During the late 1980s, the Taliban easily
took control of Afghanistan because they promised to clean up the mess the mujahedeen
had created. But they have long since lost support of the citizenry because
they are seen as lackeys of foreigners who have no agenda for Afghanistan but
to destabilize the elected government of Ghani and Abdullah Abdullah.
Ghani should spend more time on closing
the gap between his people and their government. Public support is the key to peace
and his own future.
In 1996, more than a decade before the Taliban
was declared a terrorist organization, A Taliban delegate was San Diego,
California, trying to garner support and asking Afghan-Americans to urge congressmen
to recognize the Taliban. My father, a retired government civil servant, asked if
the Taliban has the support of the people. “If they do,” he said, “then they don’t
need our support.” To this day, my late father’s words remain relevant.
Realizing the importance of public
participation, the U.S. Defense Department has approved the hiring of more
civilians to work under the command of the Afghan army to secure cleared areas.

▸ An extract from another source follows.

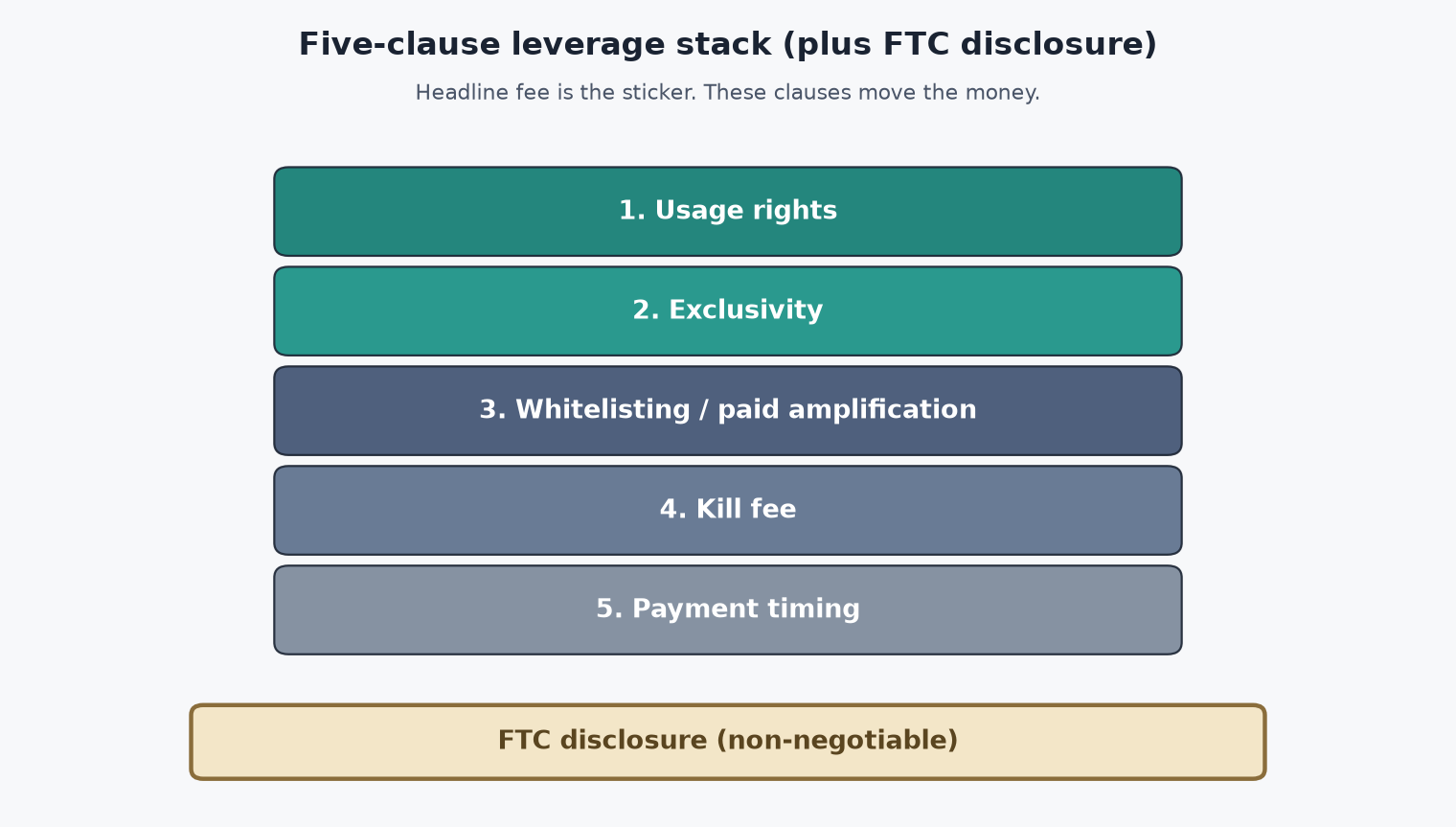 Framework diagram of five leverage clauses plus FTC disclosure as non-negotiable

The decision was welcomed by some Afghan Army officers.
One ex-Afghan Army general – now a
member of Parliament – told TOLO news, “Sending the Army into each village and
district is incongruous with the Army’s general norms and laws … Instead, the local
police with the assistance of citizens should be responsible for providing
security for the citizens, while the Army should be used only in emergency
situations.”
He is right, but a dominant expectation remains
that the government will guard and protect every public and private entity all
the time. This becomes clear when we hear the outcry after incidents such as the
recent ISIS attack that killed 20 at a Shiite mosque in Kabul.
The government cannot assign army and
security forces to protect every school, mosque, and shop. I suggest Afghans consider
assigning teams of civilian volunteers to work with law enforcement, like the Zharandoy,
a group similar to the Boy Scouts of America. They could work in conjunction
with law enforcement to patrol streets and borders, promoting safety.
This policy of waiting for foreign and
domestic governments to solve everything, then blaming them when they fail, is
fruitless. It only feeds a culture of dependency that prevents the country from
taking any major steps toward achieving a lasting peace.
Waiting for peace to be imported from
foreign lands reminds me of the Samuel Beckett play “Waiting for Godot,” in
which the characters spend all their time waiting for someone who never comes.
With limited capital and human skills,
it will not be easy. But that’s no excuse for Afghanistan’s government and
citizens to eschew their responsibilities. To twist the famous line from U.S.
President John F. Kennedy in 1961: Ask not what governments can do for you. Ask what you can do for yourselves.